Civil liberties association steps into fray

The Canadian Civil Liberties Association unexpectedly entered a battle for freedom of speech on the abortion issue, acting as intervenor on behalf of a Saskatchewan nurse sued for demonstrating against abortion.

The CCLA filed an affadavit declaring that the organization backed the rights of pro-life nurse Bill Whatcott, who in 2004 was fined $15,000 and given a 45-day suspension after the Saskatchewan Licensed Practical Nurses Association Discipline Tribunal found him guilty of two counts of professional misconduct for picketing in front of Planned Parenthood Regina. PPR had sued Whatcott for demonstrating outside the facility carrying signs that stated, “Planned Parenthood will give you AIDS” and “Planned Parenthood corrupts your people.” Another sign referring to the organization as “baby killers.”

Whatcott refused to pay the fine and has been suspended indefinitely.

His legal defence has fought the ruling in lower courts for the past three years – the case is soon to go before the Saskatchewan Supreme Court.

CCLA general counsel A. Alan Borovoy filed the affadavit defending Whatcott’s position, stating that “it is on the issue of Mr. Whatcott’s freedom of expression that the CCLA seeks to intervene.”

Borovoy stated the CCLA is primarily concerned with the “protection of civil liberties and the promotion and legal protection of individual freedom and dignity against unreasonable invasion by public authority.”

The CCLA expressed concern for Whatcott’s freedom of speech rights, despite the organization’s long history, as Borovoy’s document states, of advocating for access to abortion in Canada. In fact, Borovoy stated that the CCLA “repudiates the content of Mr. Whatcott’s expression” during his pro-life demonstration.

Nevertheless, Borovoy stated, “It is fundamental to democracy that individuals be able to comment on the morality of others’ behaviour. Indeed, norms of behaviour must generally be debatable.

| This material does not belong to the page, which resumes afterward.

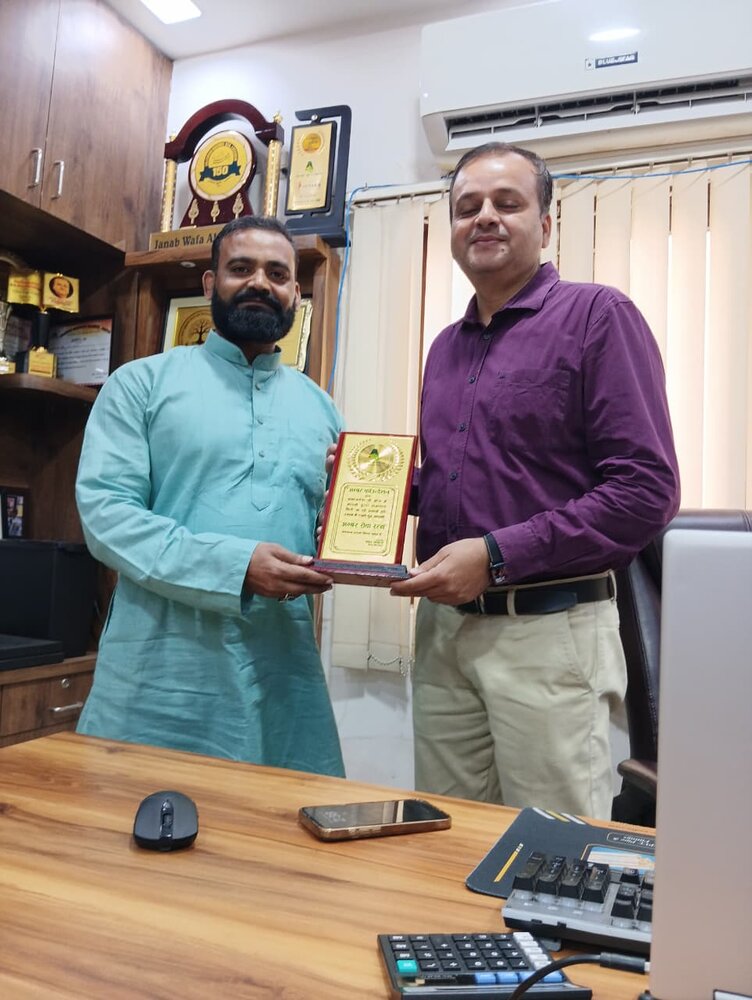 एएमआर मेडिकल एंड एजुकेशनल ट्रस्ट की शानदार सेवाओं का सम्मान/अम्बर फाउंडेशन लखनऊ की ओर से पुरस्कार प्रदान
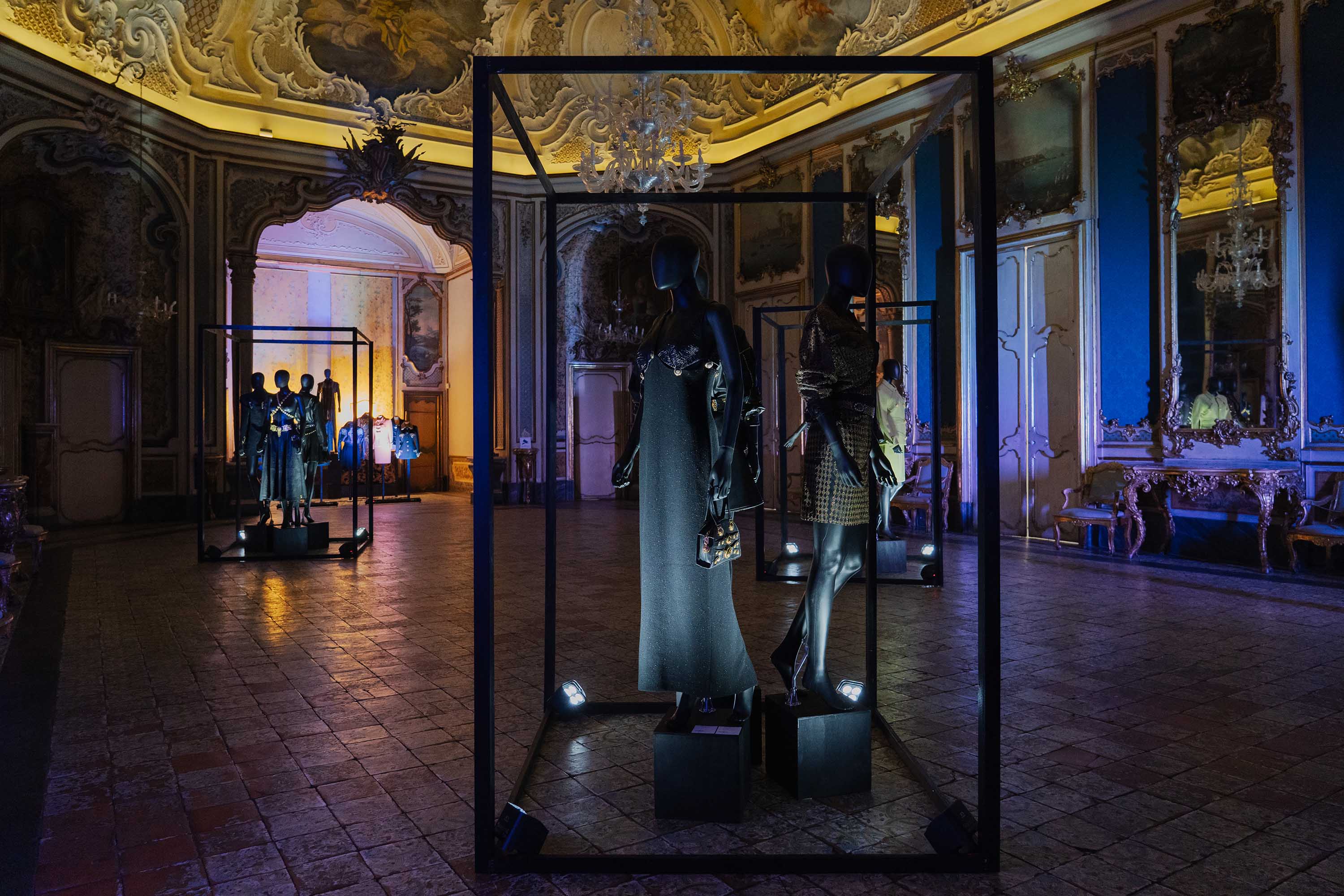 Abiti esposti nelle sale di Palazzo Biscari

Through such democratic processes, people are assisted in reaching their own conclusions as to what behaviours should be permitted, encouraged, discouraged or forbidden.”

Whatcott argued that his actions in demonstrating before PPR expressed his own personal views and had no connection to his profession as a nurse.

The CCLA defended its request for intervenor status by pointing out that the case involved issues of “broad public and legal significance that concern the rights of all Canadians,” and that the CCLA’s history and expertise would provide a “helpful contribution to the resolution of the appeal.”

“The CCLA is concerned about the implications and consequences of this appeal for the rights and freedoms of all Canadians. The CCLA seeks to ensure that the issues are approached with due consideration for the fundamental freedoms enshrined in the Charter and that those freedoms are properly reflected in the resolution of this appeal.”